Monte Carlo Methods for Rough Free Energy Landscapes: Population Annealing and Parallel Tempering
Jon Machta, Richard S. Ellis

TL;DR
This paper compares population annealing and parallel tempering, two Monte Carlo methods, analyzing their efficiency and convergence in simulating systems with complex free energy landscapes.
Contribution
It provides a detailed comparison of the convergence properties and efficiency of population annealing and parallel tempering for large systems.
Findings
Population annealing converges faster initially.
Parallel tempering converges exponentially and ultimately more rapidly.

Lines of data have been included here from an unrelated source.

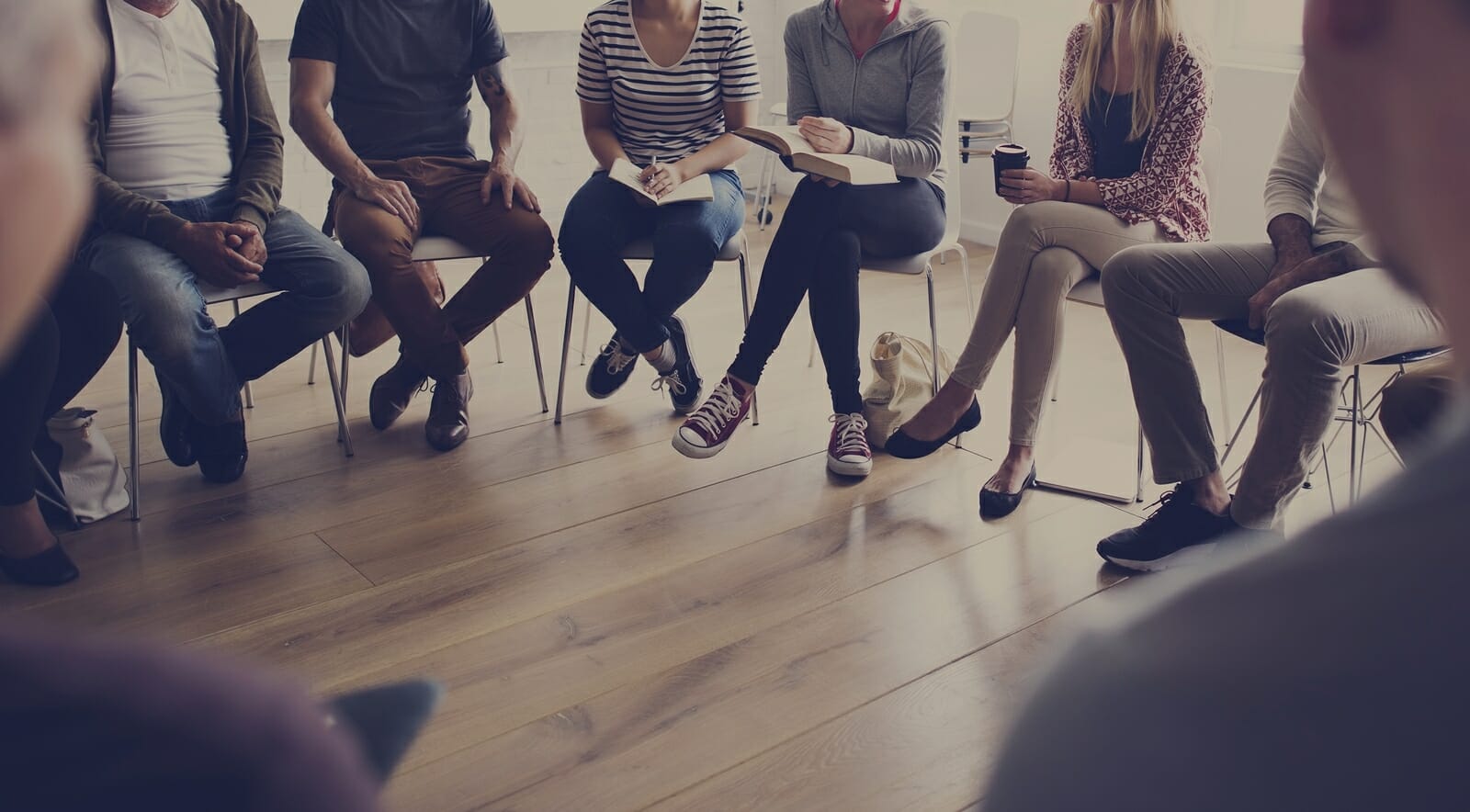 People sitting in a circle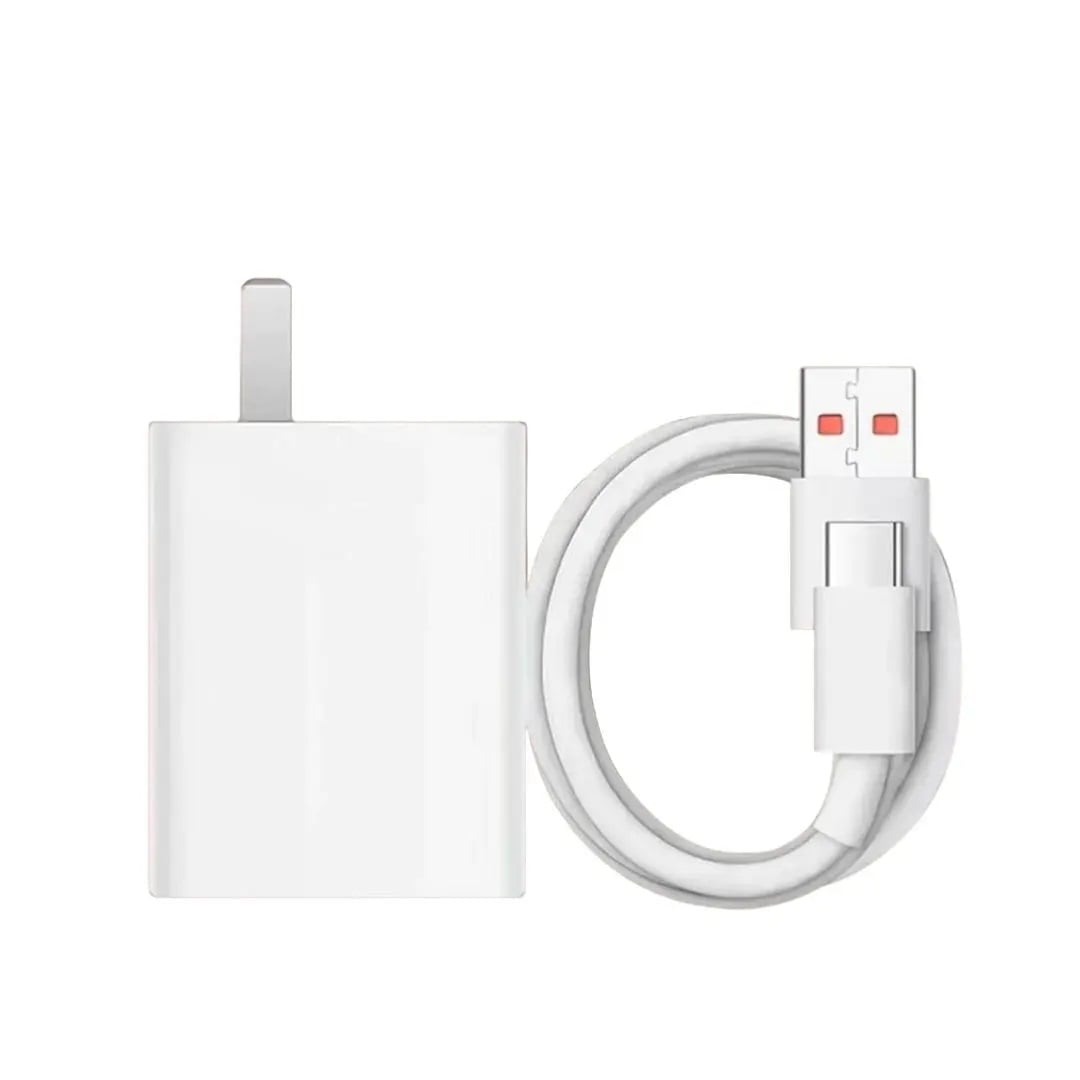 CARGADOR XIAOMI 33W TURBO CHARGUE CON CABLE - 1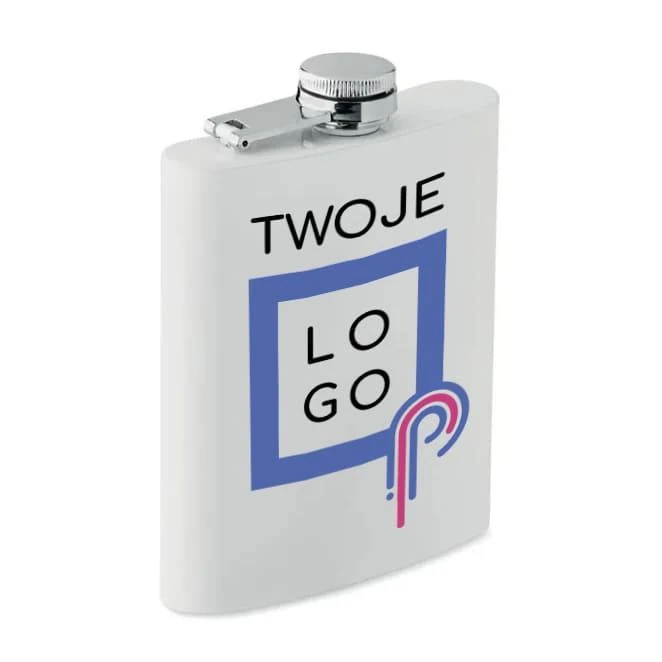 Piersiówka do sublimacji SUBLIM HIP z nadrukiem logo Zdjęcie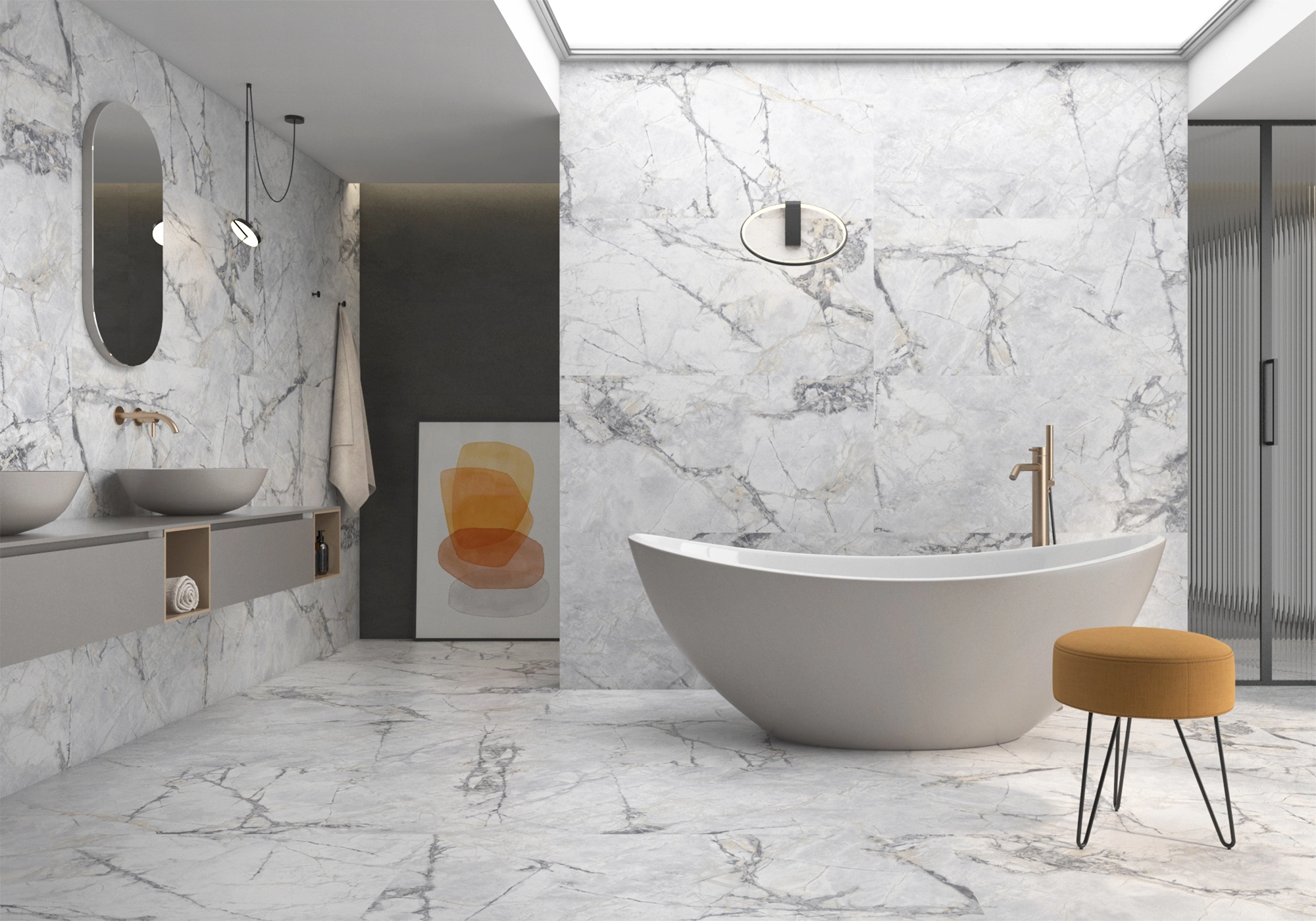 Geotiles Borgia, Marble
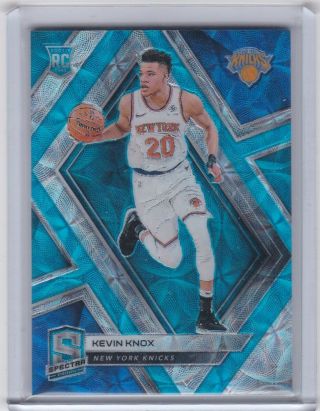 2018 - 19 Spectra Neon Blue Prizm Kevin Knox 32/75 Rookie Rc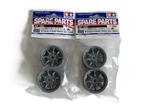 Tamiya 50569 M-Chassis Wheel-Set Mini Cooper grey (4) 1/10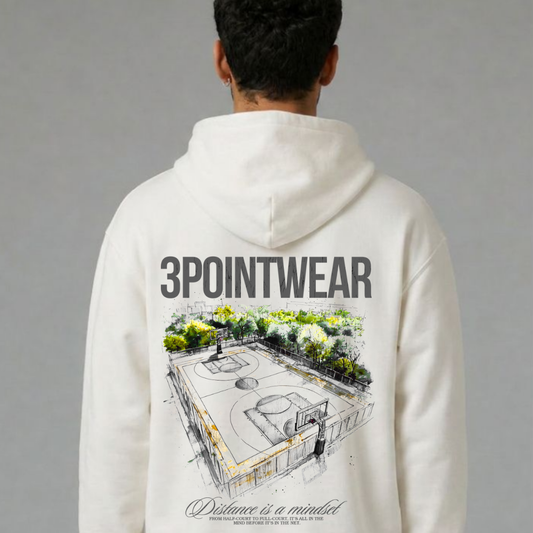 3PointWear Distance Is A Mindset Oversized Hoodie
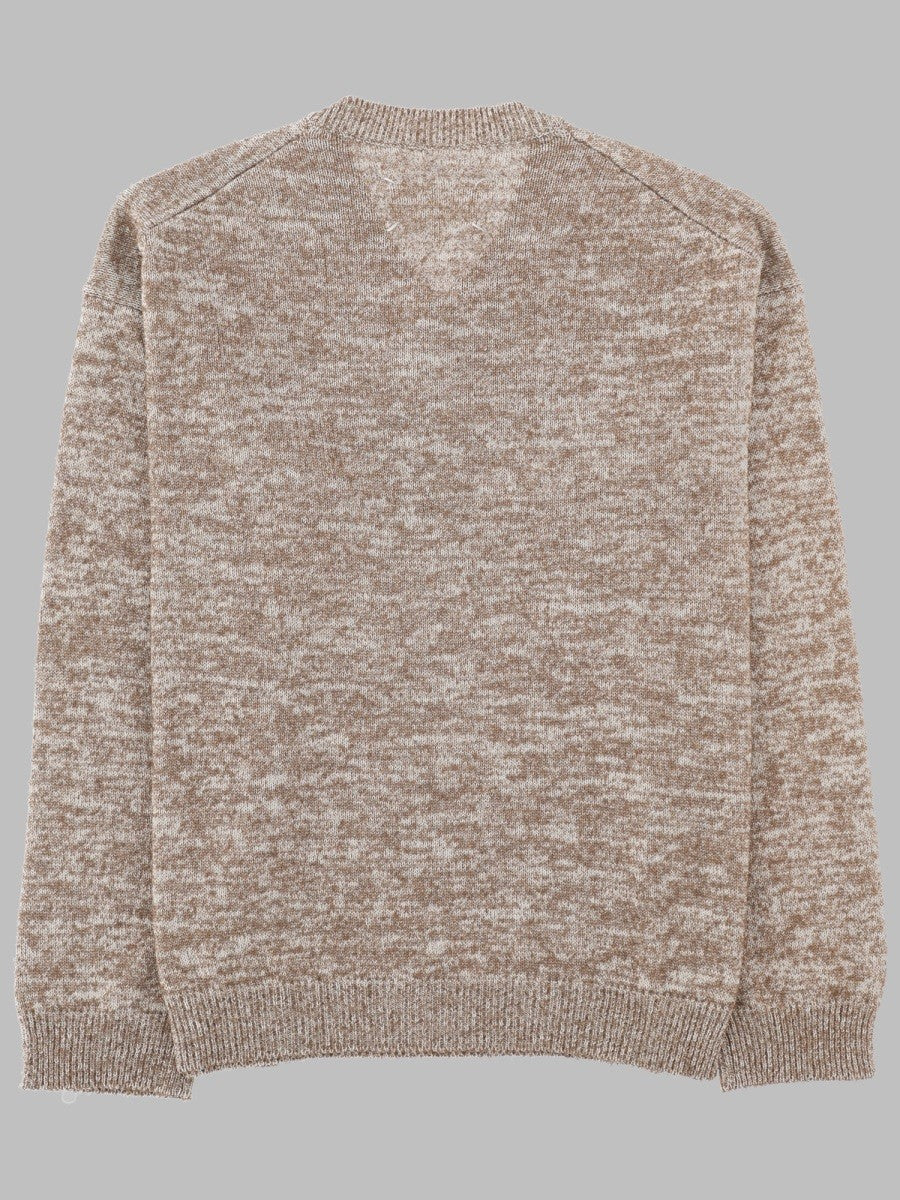 Maison Margiela Men's Maglia Con Scollo Beige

Both methods effectively overcome free energy barriers.
Abstract
Parallel tempering and population annealing are both effective methods for simulating equilibrium systems with rough free energy landscapes. Parallel tempering, also known as replica exchange Monte Carlo, is a Markov chain Monte Carlo method while population annealing is a sequential Monte Carlo method. Both methods overcome the exponential slowing associated with high free energy barriers. The convergence properties and efficiency of the two methods are compared. For large systems, population annealing initially converges to equilibrium more rapidly than parallel tempering for the same amount of computational work. However, parallel tempering converges exponentially and population annealing inversely in the computational work so that ultimately parallel tempering approaches equilibrium more rapidly than population annealing.